### RECORDED INFORMATION ###
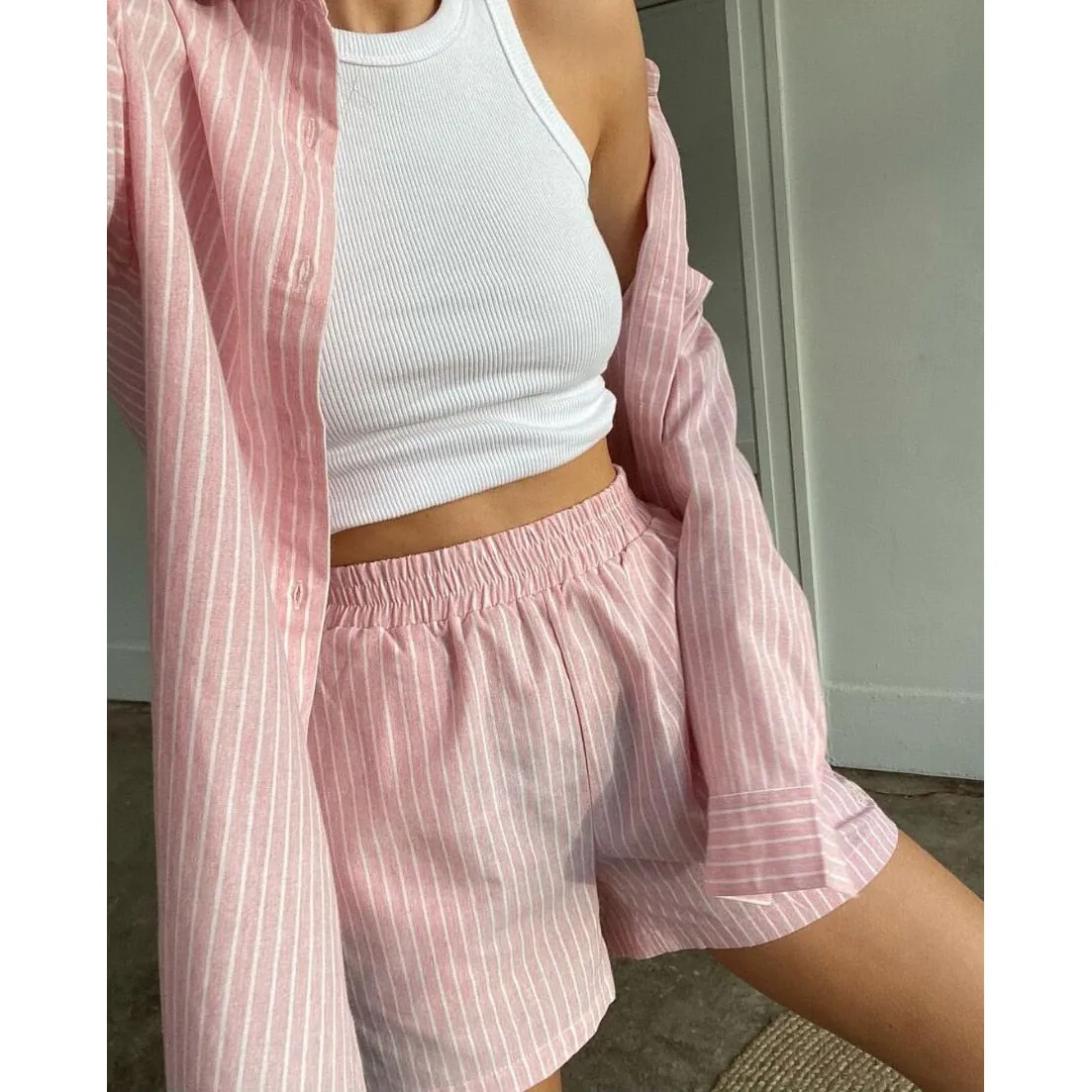 Set due pezzi pigiama shorts e camicia righe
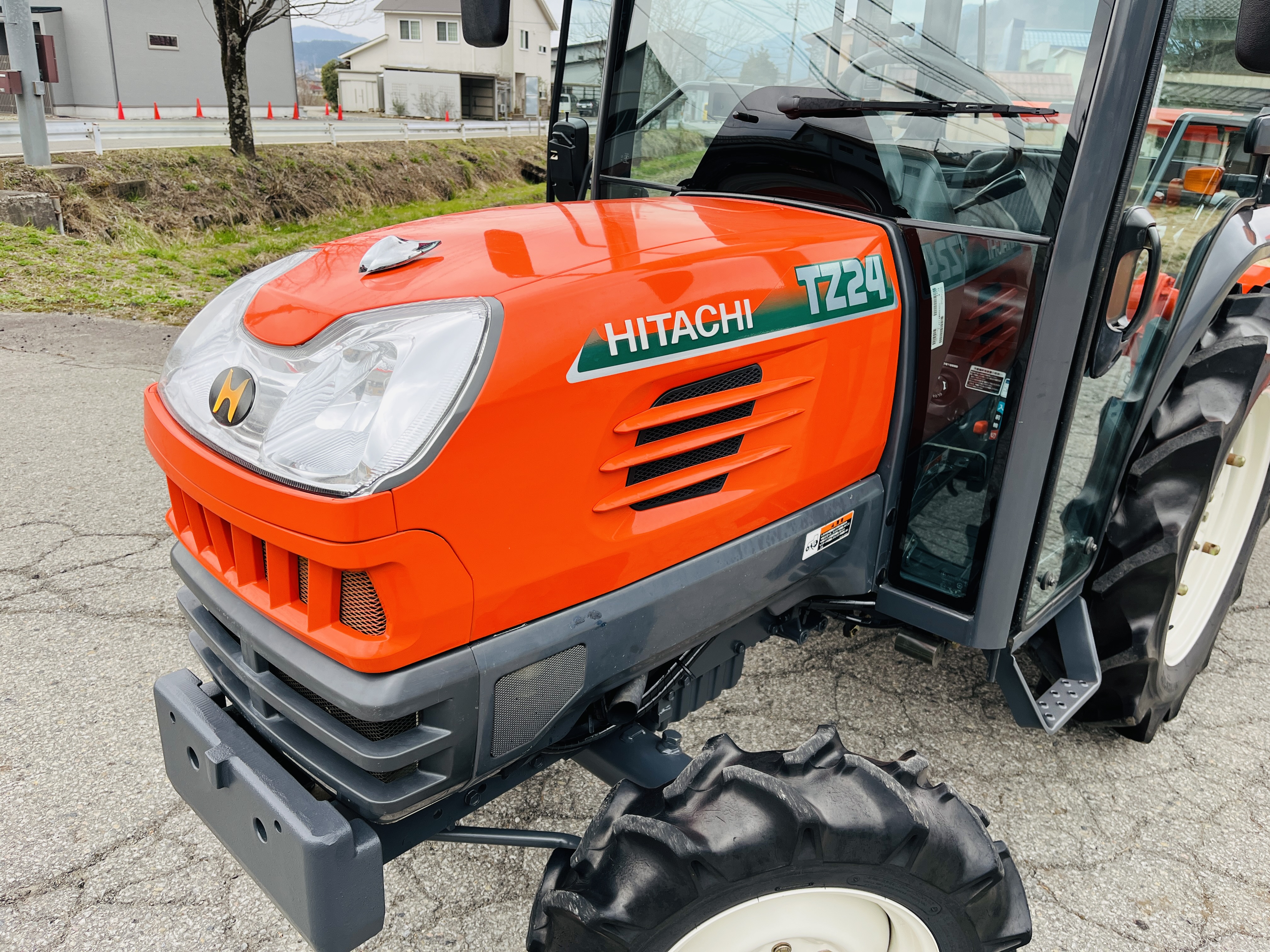 日立 中古トラクター TZ24Qの商品画像3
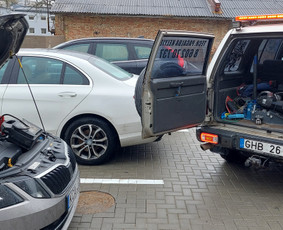 Sunkvežimių ir lengvųjų automobilių pagalba kelyje 24/7 - Automobilio užvedimas - 1 Automobilio užvedimas - Sunkvežimių ir lengvųjų automobilių pagalba kelyje 24/7 - 1
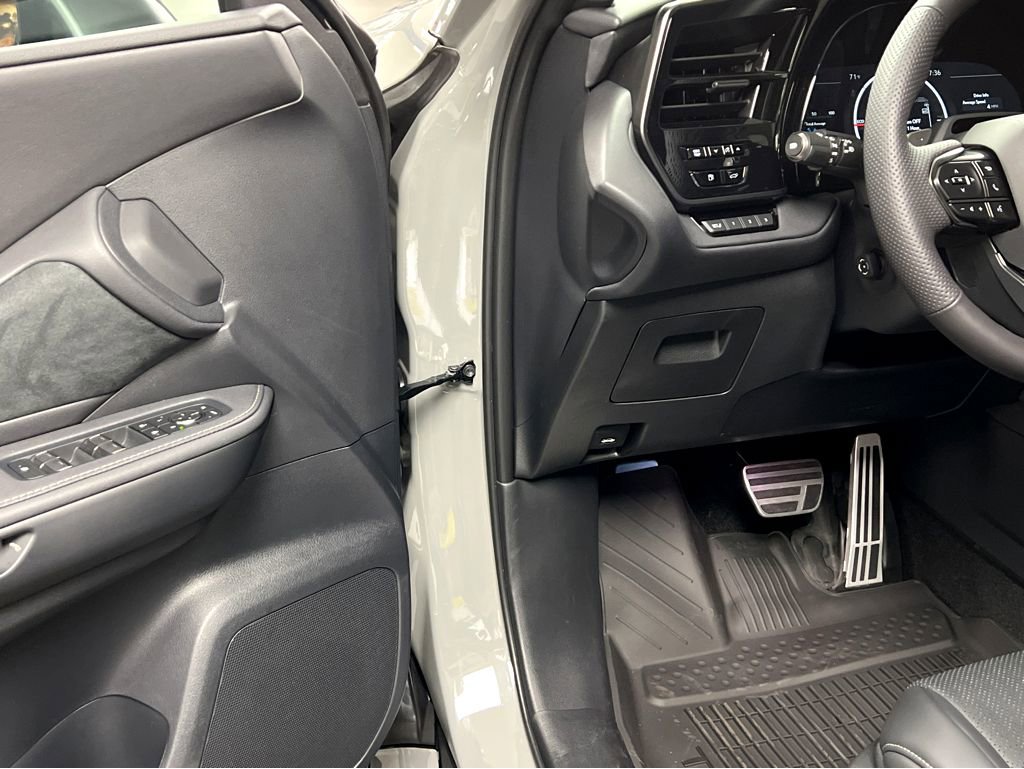 New 2026 Lexus TX 500h AWD image 41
###
[WORK ITEM] Repeat the data exactly, dropping every picture it holds.

[ANSWER BELOW]
 Set due pezzi pigiama shorts e camicia righe
 日立 中古トラクター TZ24Qの商品画像3
 Sunkvežimių ir lengvųjų automobilių pagalba kelyje 24/7 - Automobilio užvedimas - 1 Automobilio užvedimas - Sunkvežimių ir lengvųjų automobilių pagalba kelyje 24/7 - 1
 New 2026 Lexus TX 500h AWD image 41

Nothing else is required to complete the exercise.